[[ Data open ]]

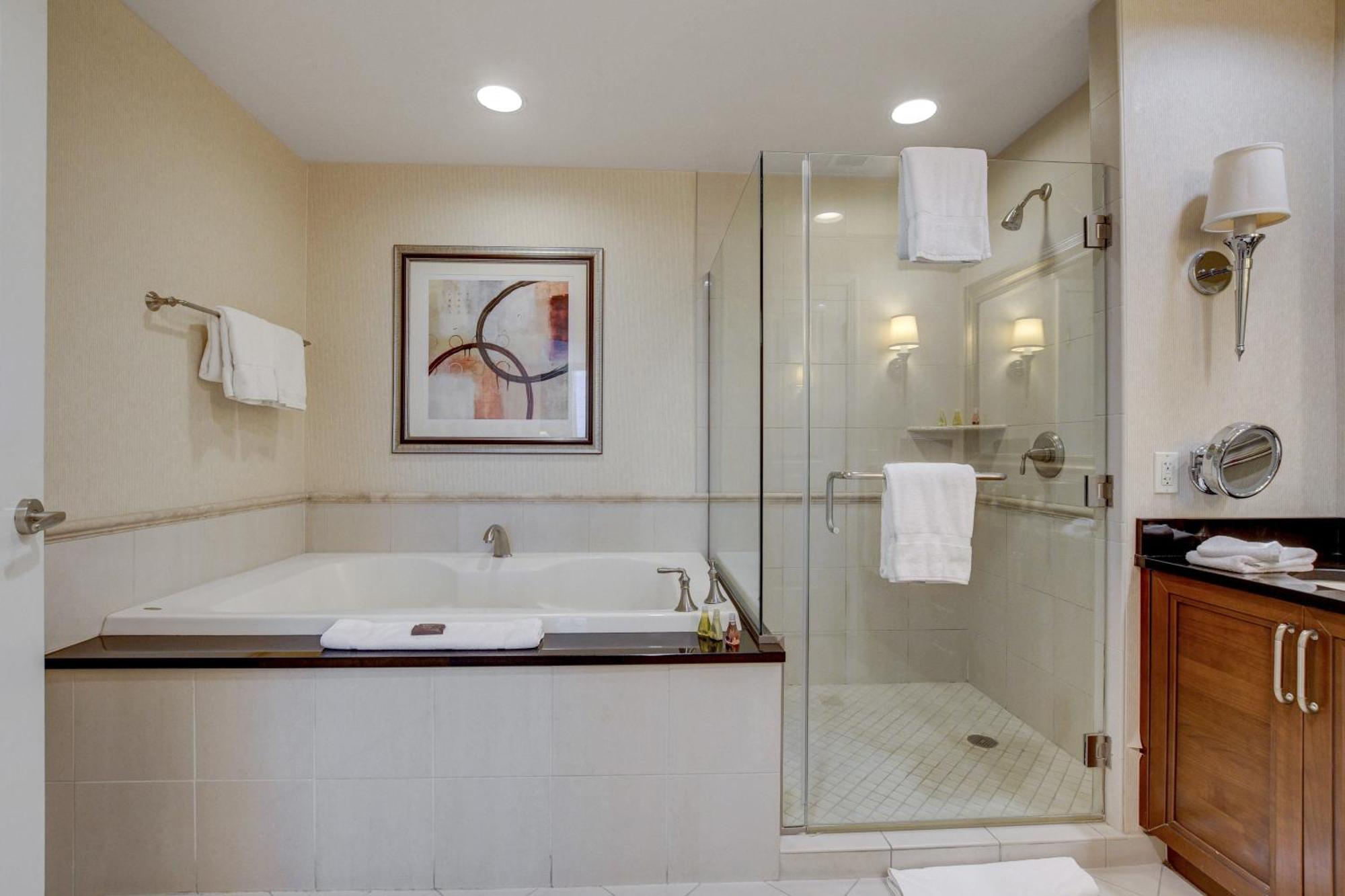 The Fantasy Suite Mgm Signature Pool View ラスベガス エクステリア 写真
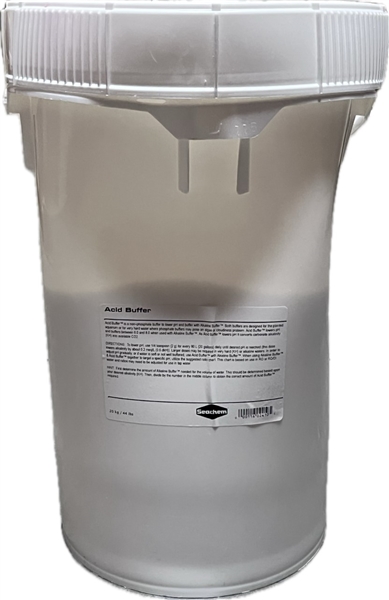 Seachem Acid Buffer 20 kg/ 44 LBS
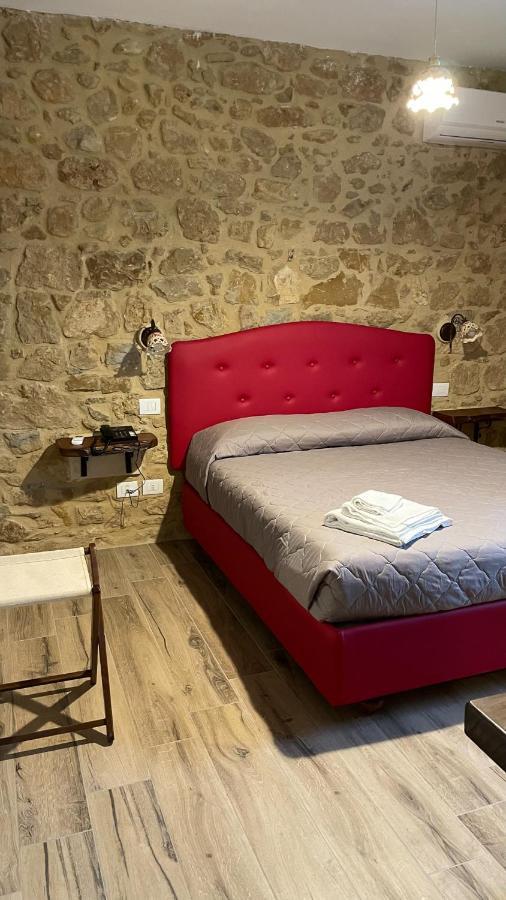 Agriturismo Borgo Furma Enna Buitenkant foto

[[ Data closed ]]
[[ Data open ]]

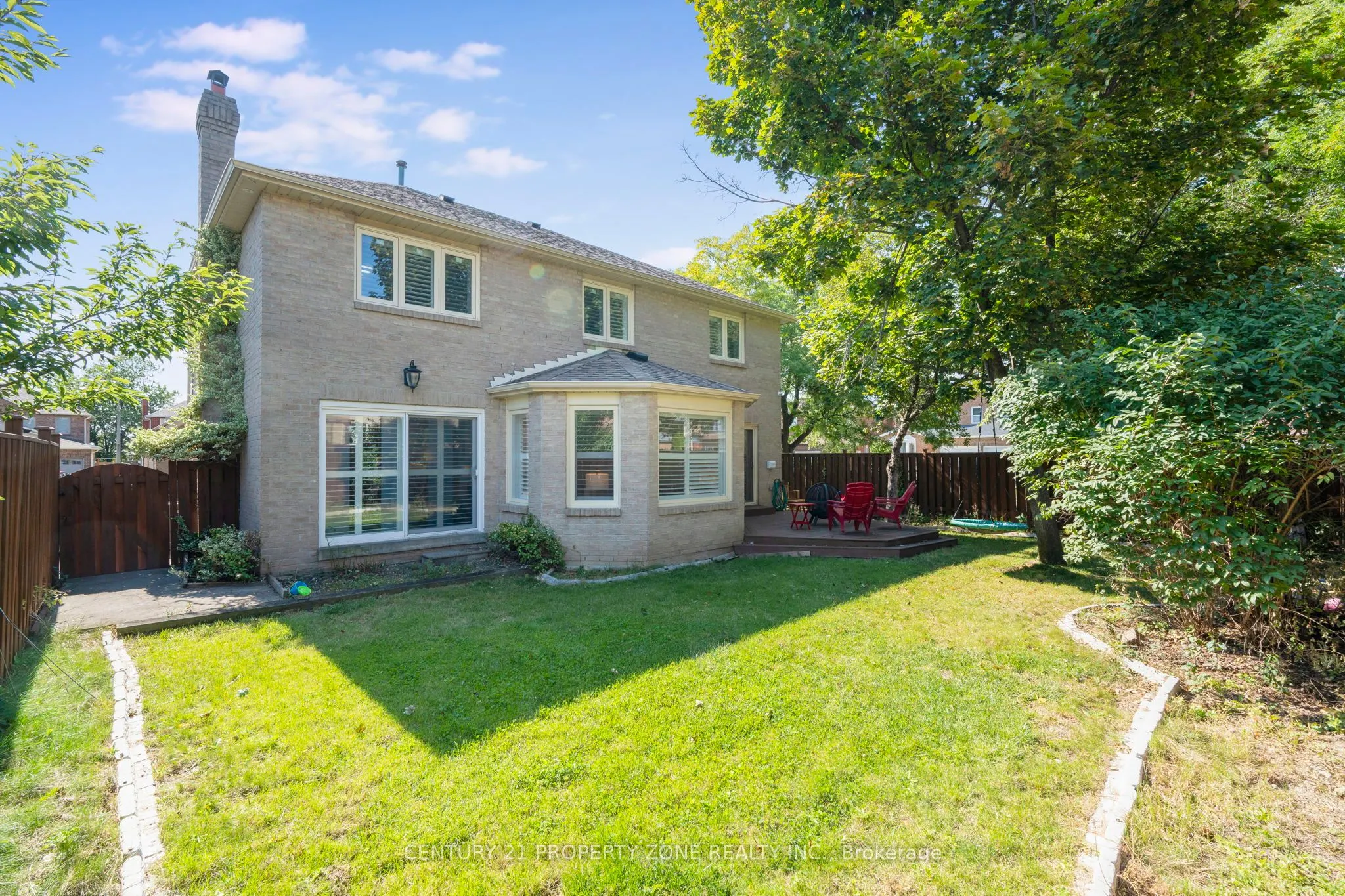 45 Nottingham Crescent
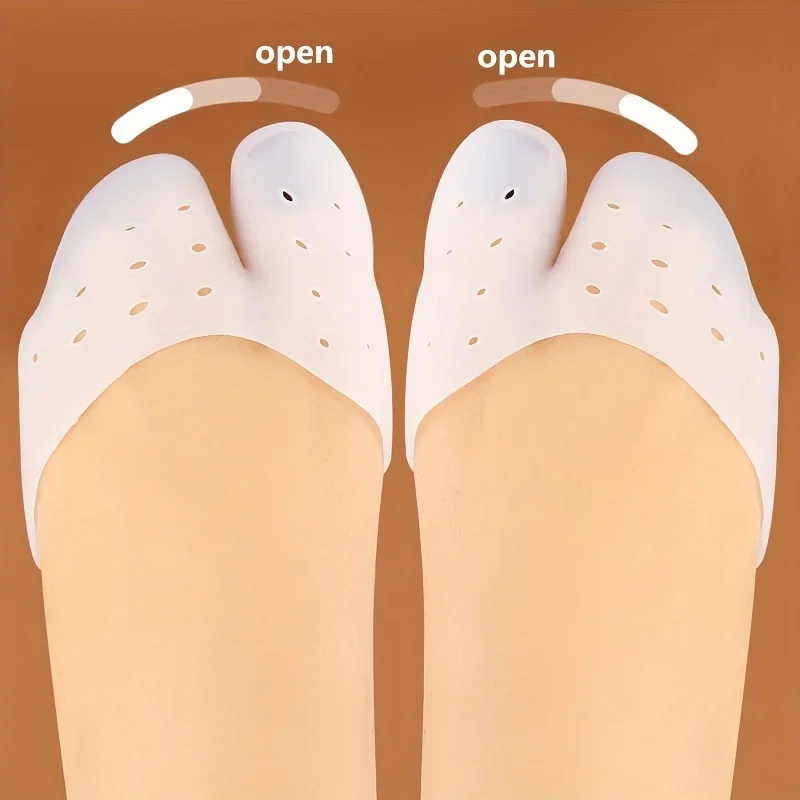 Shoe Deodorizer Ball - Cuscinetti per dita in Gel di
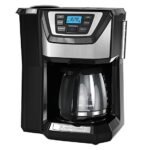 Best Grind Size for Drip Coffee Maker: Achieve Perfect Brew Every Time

[[ Data closed ]]

#### [Your instructions]
Return word for word the lines of the listing above, starting at the line with "Seachem Acid Buffer 20 kg/ 44 LBS" and ending at the line with "Agriturismo Borgo Furma Enna Buitenkant foto", both included. Pictures do not belong in the copy.

#### [Answer area]
 Seachem Acid Buffer 20 kg/ 44 LBS
 Agriturismo Borgo Furma Enna Buitenkant foto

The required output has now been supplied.